The company had previously told the FDA that some lots of peanut butter had initially tested positive for the bacterium, then were retested and found to be negative before they were shipped. But further investigation showed that the company actually shipped some of the lots before the second tests were completed. Other lots were shipped without testing and, in some cases, no second test was performed even after the first one came back positive.
The lots were shipped to a vast array of food manufacturers and found their way into such items as cookies, crackers, health bars, ice cream and dog biscuits. Peanuts and peanut products from a Peanut Corp. plant in Georgia have now been linked to eight deaths and 575 illnesses in 43 states. In January, food companies began what has become an unprecedented nationwide recall of hundreds of snacks and other foods containing the products.
“I expect this outbreak to go on for a long time,” in part because the foods have a long shelf life, said Caroline Smith DeWaal, food safety director at the Center for Science in the Public Interest in Washington.
The FDA did not formally announce the new findings about the company’s testing, but rather made small revisions Thursday to an online report about the investigation. Only when a Washington Post reporter discovered the changes did the news become more widely known.
As part of the investigation, the FDA found that 12 contaminated lots from the small Blakely, Ga., plant were shipped to schools in California, Minnesota and Iowa from January 2007 to November 2007.

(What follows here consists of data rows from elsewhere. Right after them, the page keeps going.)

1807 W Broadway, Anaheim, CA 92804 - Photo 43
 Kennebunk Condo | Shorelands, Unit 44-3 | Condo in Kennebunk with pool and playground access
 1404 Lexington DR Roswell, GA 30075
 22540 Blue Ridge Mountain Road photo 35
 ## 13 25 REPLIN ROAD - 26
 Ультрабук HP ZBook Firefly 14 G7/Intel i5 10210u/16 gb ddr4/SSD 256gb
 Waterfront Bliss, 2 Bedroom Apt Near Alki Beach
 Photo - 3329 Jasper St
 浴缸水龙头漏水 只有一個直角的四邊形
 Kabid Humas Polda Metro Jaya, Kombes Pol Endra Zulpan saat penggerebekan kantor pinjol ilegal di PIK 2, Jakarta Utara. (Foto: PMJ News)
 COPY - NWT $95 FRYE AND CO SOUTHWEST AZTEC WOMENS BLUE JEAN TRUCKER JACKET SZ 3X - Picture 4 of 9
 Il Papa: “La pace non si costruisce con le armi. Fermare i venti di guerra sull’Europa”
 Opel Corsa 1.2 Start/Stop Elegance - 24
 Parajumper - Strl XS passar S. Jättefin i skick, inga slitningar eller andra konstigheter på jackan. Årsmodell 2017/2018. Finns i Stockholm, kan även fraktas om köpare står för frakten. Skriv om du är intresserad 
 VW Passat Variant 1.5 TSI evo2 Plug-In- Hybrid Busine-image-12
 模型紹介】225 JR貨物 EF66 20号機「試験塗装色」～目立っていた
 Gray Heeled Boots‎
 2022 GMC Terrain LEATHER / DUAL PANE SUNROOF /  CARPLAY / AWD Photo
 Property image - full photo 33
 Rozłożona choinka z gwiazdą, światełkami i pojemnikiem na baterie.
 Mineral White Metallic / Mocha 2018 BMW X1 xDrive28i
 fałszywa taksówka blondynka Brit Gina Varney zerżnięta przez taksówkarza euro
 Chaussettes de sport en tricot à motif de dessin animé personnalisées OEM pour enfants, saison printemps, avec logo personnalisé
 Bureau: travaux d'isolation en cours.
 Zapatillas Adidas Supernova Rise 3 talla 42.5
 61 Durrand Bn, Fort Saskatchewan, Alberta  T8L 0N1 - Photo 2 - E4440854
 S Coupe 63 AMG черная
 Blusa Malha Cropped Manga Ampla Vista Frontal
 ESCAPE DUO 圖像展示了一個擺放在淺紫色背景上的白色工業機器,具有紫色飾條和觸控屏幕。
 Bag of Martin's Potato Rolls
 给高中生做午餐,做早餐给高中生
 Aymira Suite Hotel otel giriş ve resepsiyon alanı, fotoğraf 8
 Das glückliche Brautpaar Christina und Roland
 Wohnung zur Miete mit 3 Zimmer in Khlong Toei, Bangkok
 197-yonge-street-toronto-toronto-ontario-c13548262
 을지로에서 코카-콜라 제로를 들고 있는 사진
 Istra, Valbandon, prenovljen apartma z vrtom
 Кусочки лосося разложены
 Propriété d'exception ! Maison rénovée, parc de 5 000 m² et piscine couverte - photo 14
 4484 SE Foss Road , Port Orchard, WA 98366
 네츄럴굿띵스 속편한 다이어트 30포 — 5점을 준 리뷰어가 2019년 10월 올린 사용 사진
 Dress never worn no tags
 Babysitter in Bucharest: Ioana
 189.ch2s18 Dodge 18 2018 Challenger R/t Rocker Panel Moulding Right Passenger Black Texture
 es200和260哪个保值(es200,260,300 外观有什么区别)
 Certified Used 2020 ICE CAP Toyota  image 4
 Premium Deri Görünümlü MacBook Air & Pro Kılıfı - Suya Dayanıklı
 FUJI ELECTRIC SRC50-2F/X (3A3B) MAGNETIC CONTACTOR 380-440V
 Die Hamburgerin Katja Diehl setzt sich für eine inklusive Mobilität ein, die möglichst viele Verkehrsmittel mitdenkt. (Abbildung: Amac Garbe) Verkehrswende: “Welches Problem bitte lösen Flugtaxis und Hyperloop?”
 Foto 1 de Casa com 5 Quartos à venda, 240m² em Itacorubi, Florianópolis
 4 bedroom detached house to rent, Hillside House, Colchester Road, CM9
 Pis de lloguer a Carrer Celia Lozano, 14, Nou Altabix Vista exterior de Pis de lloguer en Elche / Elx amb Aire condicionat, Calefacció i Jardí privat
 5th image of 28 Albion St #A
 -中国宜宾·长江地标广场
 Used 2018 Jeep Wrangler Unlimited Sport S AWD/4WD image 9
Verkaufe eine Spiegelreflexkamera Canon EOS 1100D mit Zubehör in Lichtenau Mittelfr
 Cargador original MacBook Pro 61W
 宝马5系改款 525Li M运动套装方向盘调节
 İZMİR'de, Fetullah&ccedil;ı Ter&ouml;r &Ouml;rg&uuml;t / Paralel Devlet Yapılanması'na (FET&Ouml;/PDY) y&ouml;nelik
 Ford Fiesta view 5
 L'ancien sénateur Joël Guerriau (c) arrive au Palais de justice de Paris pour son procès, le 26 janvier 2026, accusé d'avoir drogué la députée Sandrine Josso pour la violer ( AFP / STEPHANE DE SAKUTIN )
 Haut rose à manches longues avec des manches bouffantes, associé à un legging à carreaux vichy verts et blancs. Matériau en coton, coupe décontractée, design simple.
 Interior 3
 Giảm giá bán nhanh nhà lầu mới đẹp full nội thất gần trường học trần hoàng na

Also, 32 truckloads were shipped to the U.S. Department of Agriculture, which had been inspecting the plant, for its school lunch programs.
Susan Acker, a spokeswoman for the USDA, said she did not know of any illnesses linked to the lots shipped to the agency.
Even so, some observers said, the fact that the lots were shipped at all is indicative of reckless business practices.
“I hope these guys have good criminal defense lawyers,” said Seattle attorney William Marler, who represents several people sickened in the latest round of contamination.
The Lynchburg, Va.-based company has repeatedly denied any wrongdoing. It did not return phone calls Friday.
The Justice Department has begun a criminal investigation.
Stewart Parnell, owner and president of Peanut Corp. of America, and Dr. Frank M. Torti, acting FDA commissioner, are expected to testify Wednesday before the House Energy and Commerce Committee.
“The new developments are disturbing and suggest that this company had extensive problems,” said committee Chairman Henry A. Waxman (D-Beverly Hills). “Our committee will investigate both the company’s actions and the government’s response.”
At a hearing Thursday of the Senate Agriculture Committee, Chairman Tom Harkin (D-Iowa) called for a complete overhaul of government oversight of food safety and suggested creating a stand-alone agency to monitor food safety.
President Obama has urged a “complete review” of the FDA to determine why it didn’t contain the problem earlier.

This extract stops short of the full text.